-- TASK INPUT --
***
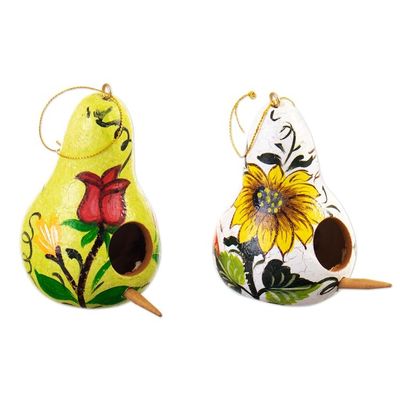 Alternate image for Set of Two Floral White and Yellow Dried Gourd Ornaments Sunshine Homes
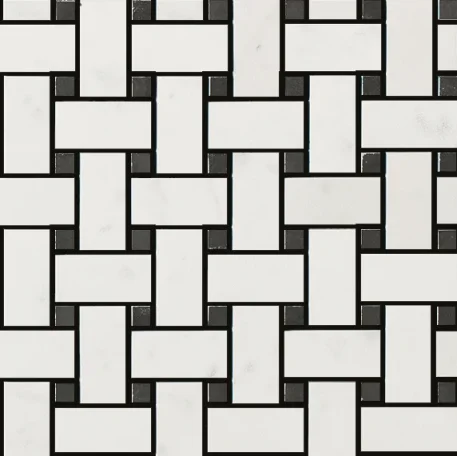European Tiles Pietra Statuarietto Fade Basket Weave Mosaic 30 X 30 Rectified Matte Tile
***
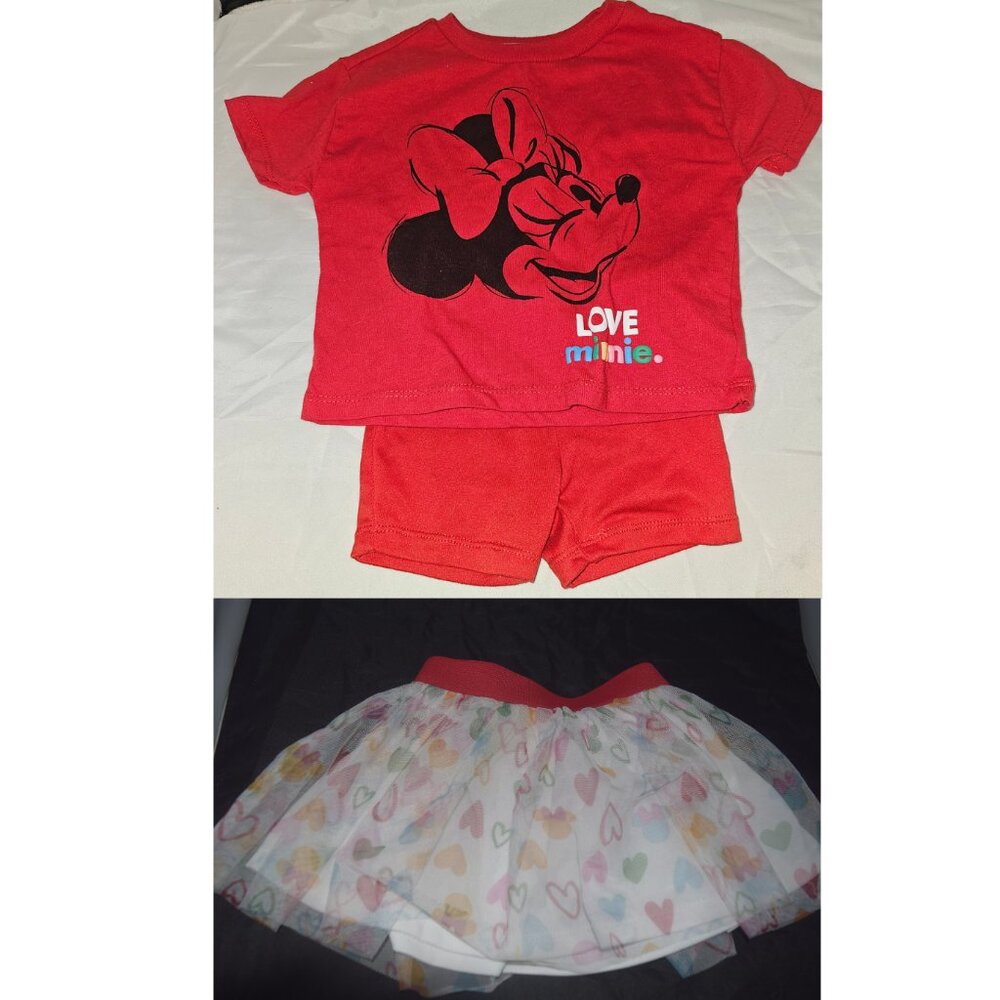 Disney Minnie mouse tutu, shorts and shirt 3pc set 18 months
***
-- AIM OF THE TASK --
Copy out exactly the material that runs from the line with "Alternate image for" to the line with "European Tiles Pietra", ends included, and leave the pictures behind.

-- ANSWER BOX --
 Alternate image for Set of Two Floral White and Yellow Dried Gourd Ornaments Sunshine Homes
European Tiles Pietra Statuarietto Fade Basket Weave Mosaic 30 X 30 Rectified Matte Tile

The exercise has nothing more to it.